**GOAL OF THE EXERCISE:**
These records contain pictures, which must be left out; copy exactly the lines from the one with "And bring up" up to and including the one with "That's how you".
---------- DATA ----------
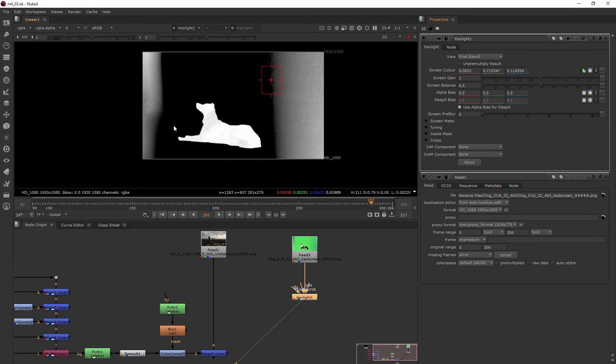The inside mask is also called a holdout mat. So if you've ever heard that before, that's what that's talking about. Inside is the holdout and outside is the garbage.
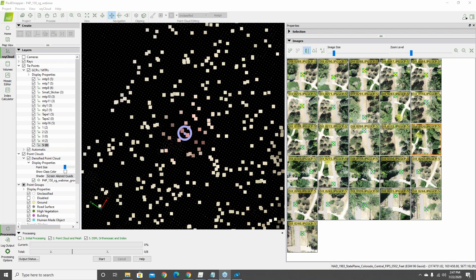The host engages with the audience, asking how many are currently doing mapping projects versus looking to get into it. Responses include people doing it for four-plus years, some looking to get into it, and others just interested in the possibilities. The host notes there are many opportunities for mapping and modeling.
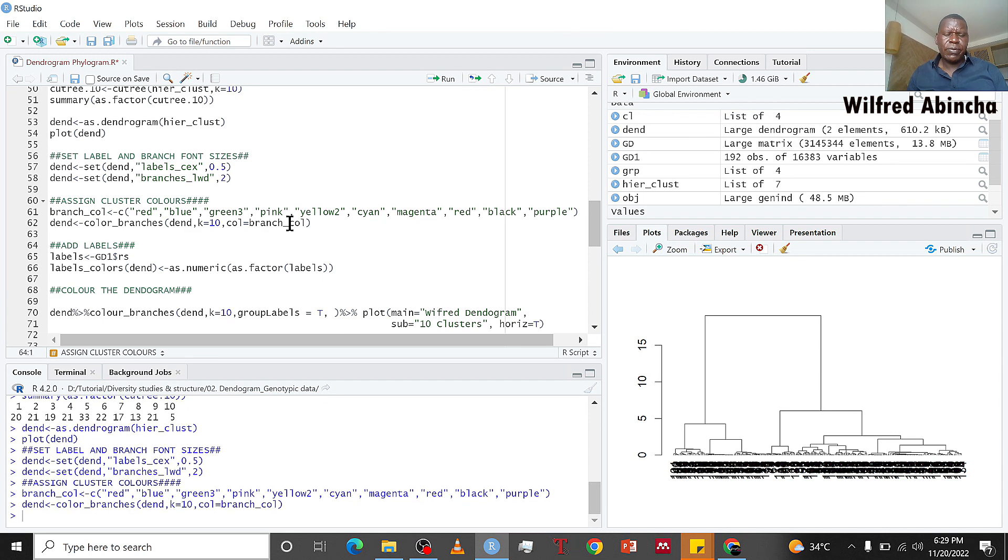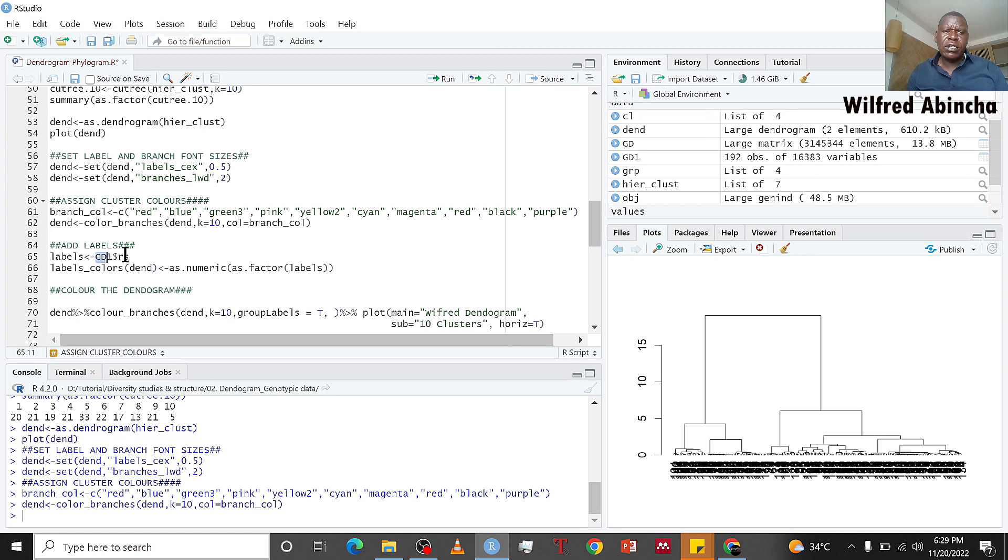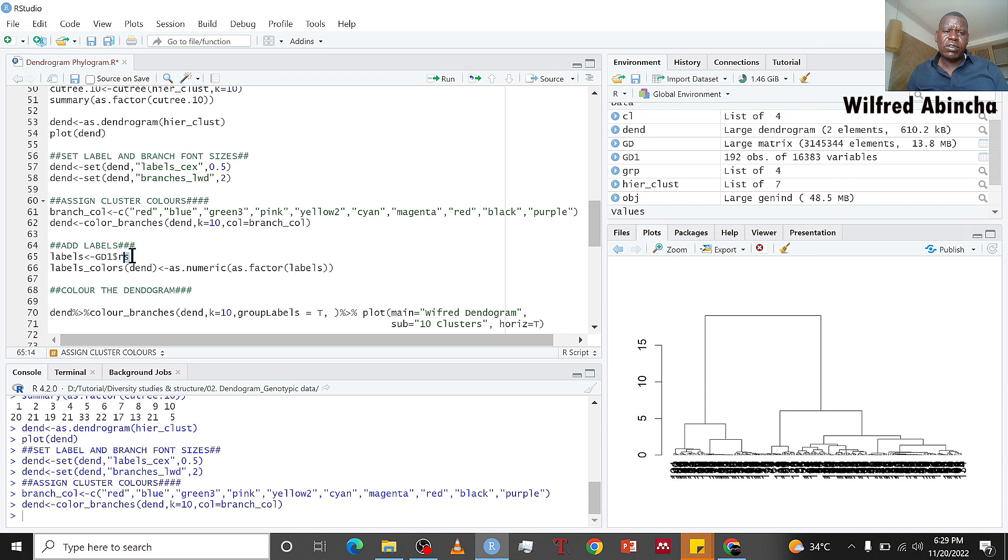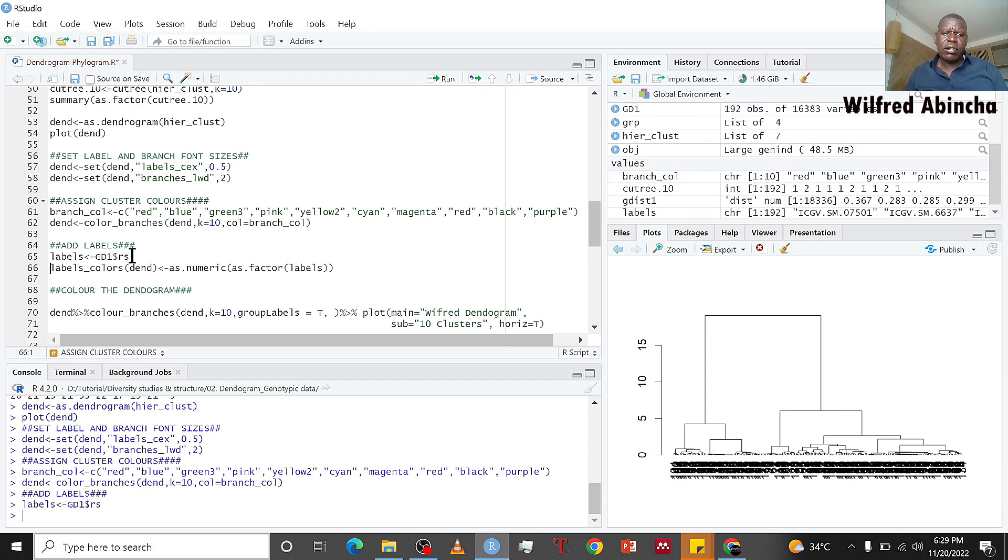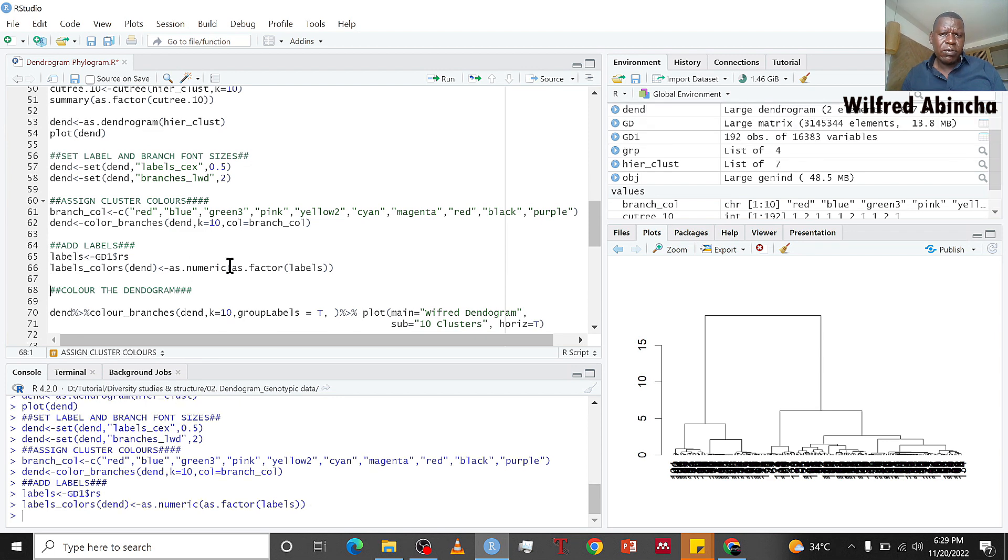Now we want to put our labels. Our labels were in gd1 that we imported. The first column was the individual names. So labels is gd1 first column, and we are going to find this as numeric.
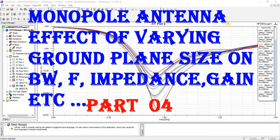We will see the effect of varying ground plane size. If we increase or decrease the finite ground plane size, what will be the effect on resonance frequency, bandwidth, impedance plot, radiation pattern, gain, and VSWR — we will see all these in this lecture.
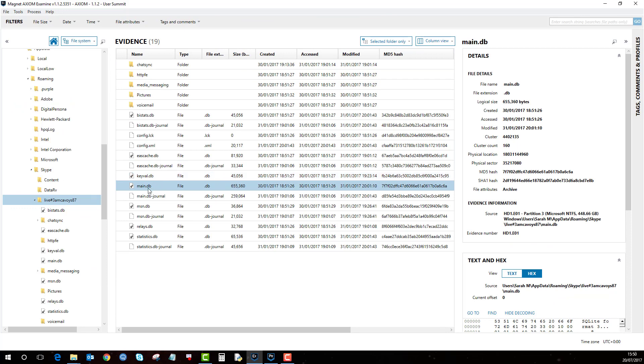And bring up that main database. But I can go further than that now to review the database as well. So if I double click on main.db...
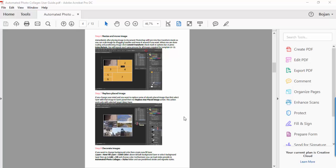Hi guys, in this quick tip I want to explain to you how to scale and how to crop images in Adobe Acrobat DC. First of all you need to open your PDF document and then ensure that you have the selection tool for text and images active.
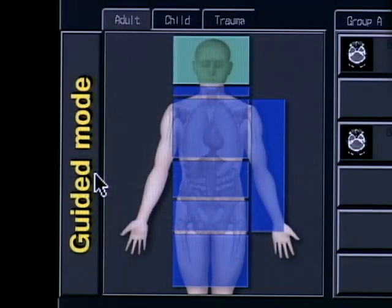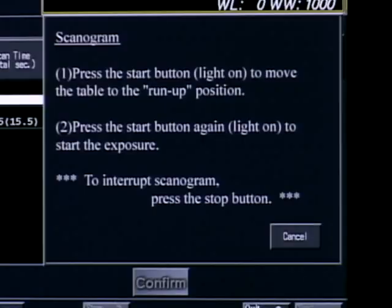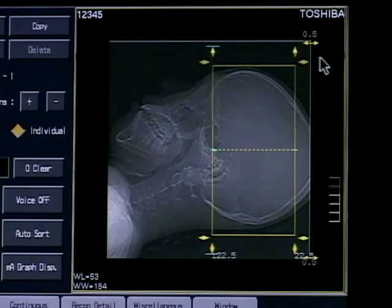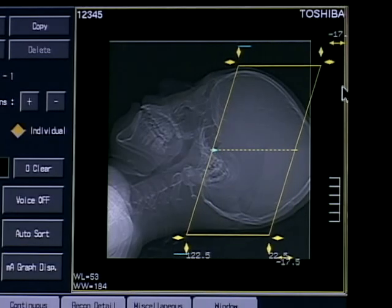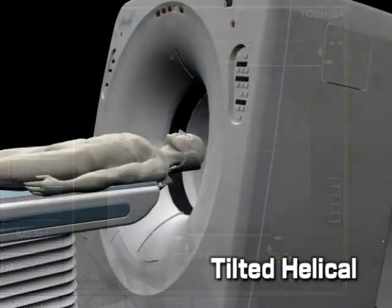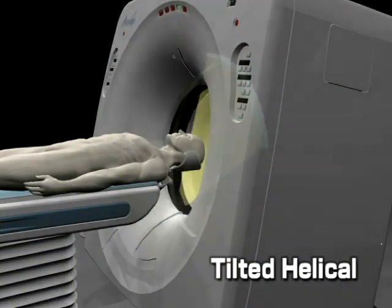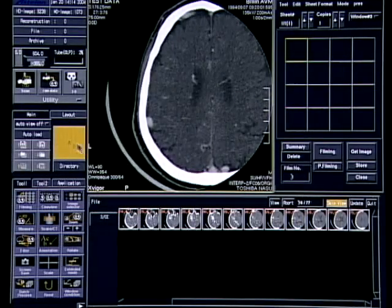Guide mode can be used even by inexperienced CT system operators. Tilted helical scanning enables CT images of the head to be acquired without exposing the eye's crystalline lens to X-rays.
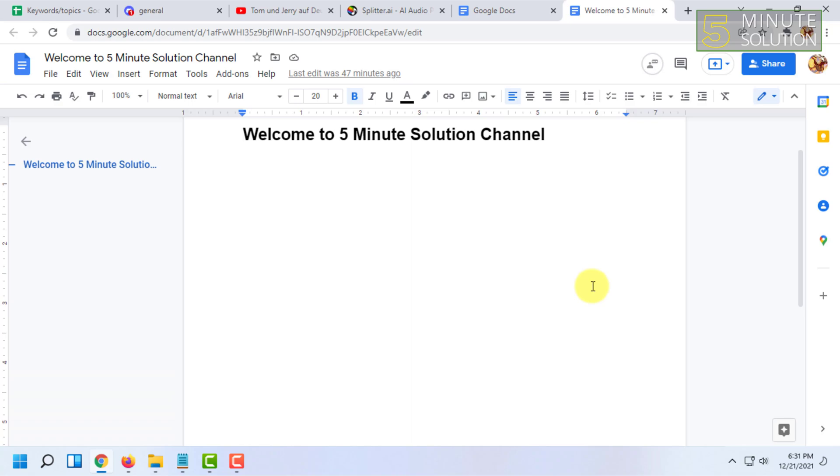That's how you do this. If you want more videos like this, please like, comment, and subscribe. Thank you very much for watching this video.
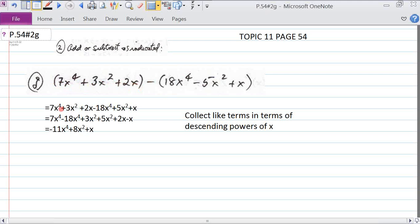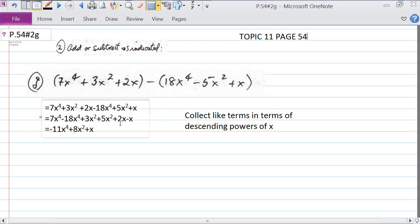Now we add or subtract as indicated for 2G. We remove the brackets from the first three terms, giving us 7x to the fourth plus 3x squared plus 2x. There's an implied minus 1 here, as discussed previously. So minus 1 times 18x to the fourth gives us minus 18x to the fourth. Minus 1 times minus 5x squared gives us plus 5x squared. And minus 1 times plus x gives us minus x — there's a correction here, it should be minus x.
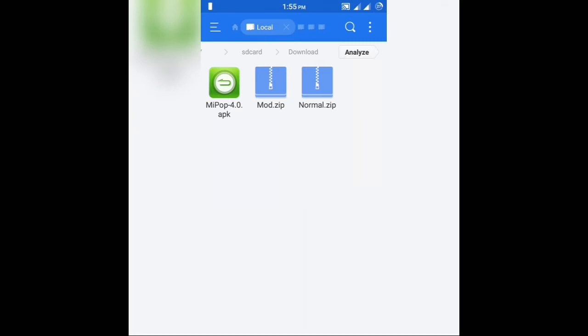As you can see, I have two zip files in front of me: mod.zip and normal.zip. The difference between them is that mod.zip has a customized MiPOP APK, and normal.zip is the standard MiPOP that you would get on MiUI. If you want the customized one, extract mod.zip; otherwise, go for normal.zip. I've extracted the normal.zip.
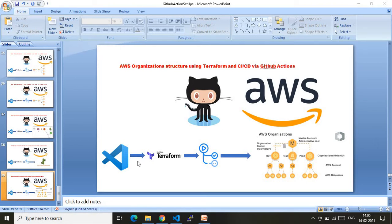The bottom pipeline in the diagram explains the overall flow. In Visual Studio Code we develop the Terraform code, then push it to my upstream branch. Whenever I push code to my upstream branch, the corresponding GitHub Actions will be invoked automatically, running terraform init, plan, and apply — which finally provisions our required AWS organization structure.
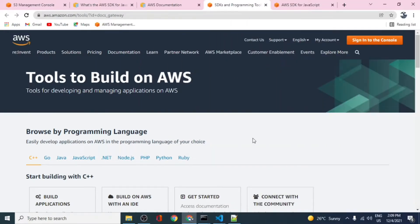Hello guys, welcome to this new video where we will see how we can use AWS SDK, which is basically a software development toolkit used to build resources and call the various AWS services using our program.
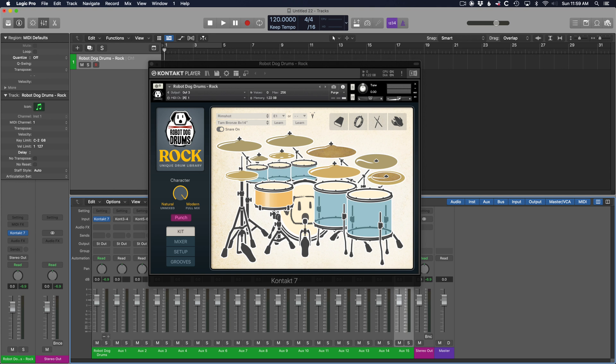Here's how to set up multi-outs in Native Instruments Contact in Logic Pro X. For example, if you want to put each piece of a drum kit on separate tracks in Logic. This tutorial uses my Robot Dog Drums Drum Sample library, but the same instructions will apply to a variety of contact libraries as well.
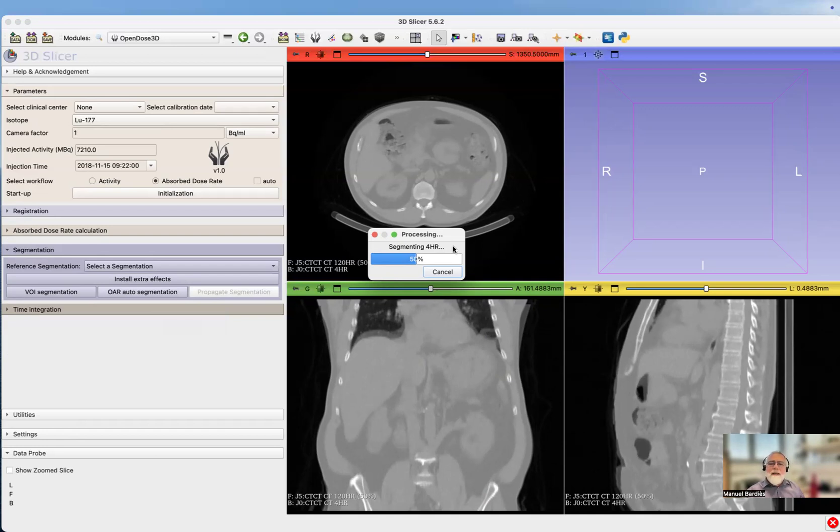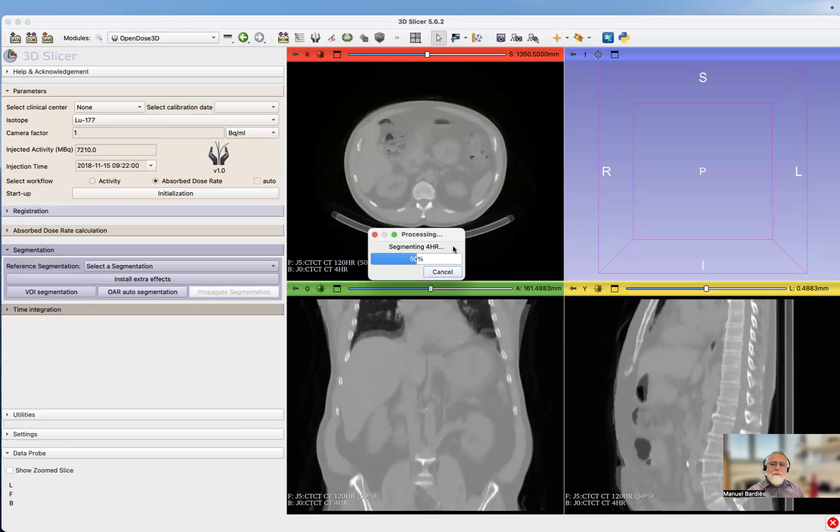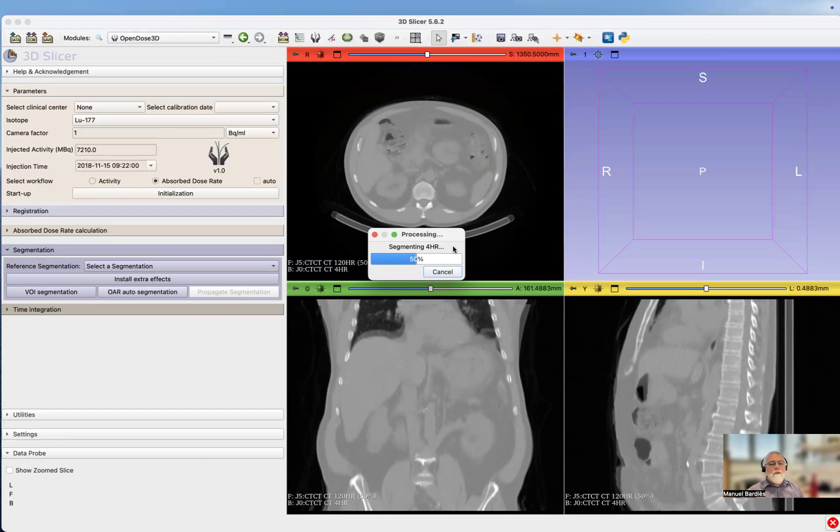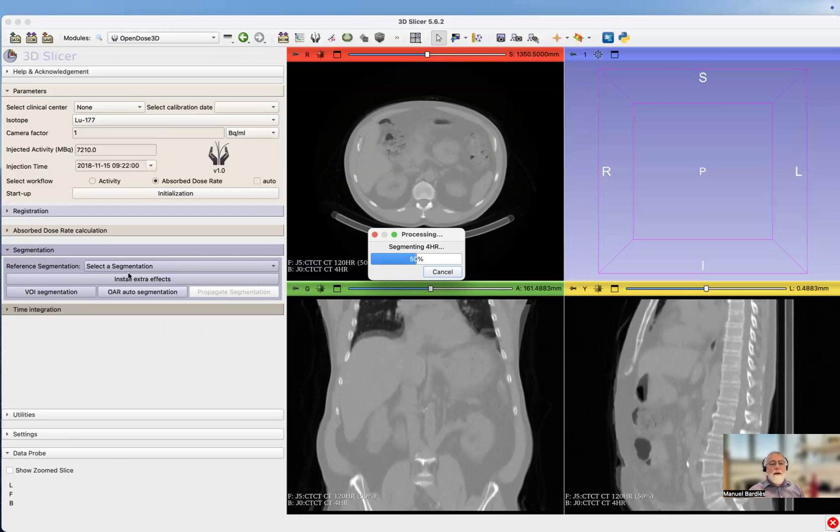This preset list of volume of interest can be defined for every radiopharmaceutical. We'll see later how to do that. It's interesting because you just click a button and thanks to Total Segmentator, you're going to have your segmented volumes automatically on the reference image. It takes a while, but it's not so long compared to the work it is doing.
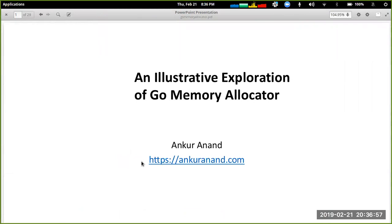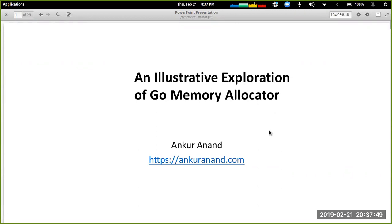Welcome to the Go study group. This is the second session on the Go runtime. In the first session we covered an overview of what we'd be studying. This is our first session specifically on the Go memory allocator. We'll look at how memory allocation happens within the Go runtime, covering the data structures involved and the fundamentals required to understand them. Please feel free to ask questions at any point.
----------
**TASK ANSWER:**
And bring up that main database. But I can go further than that now to review the database as well. So if I double click on main.db...
Hi guys, in this quick tip I want to explain to you how to scale and how to crop images in Adobe Acrobat DC. First of all you need to open your PDF document and then ensure that you have the selection tool for text and images active.
Guide mode can be used even by inexperienced CT system operators. Tilted helical scanning enables CT images of the head to be acquired without exposing the eye's crystalline lens to X-rays.
That's how you do this. If you want more videos like this, please like, comment, and subscribe. Thank you very much for watching this video.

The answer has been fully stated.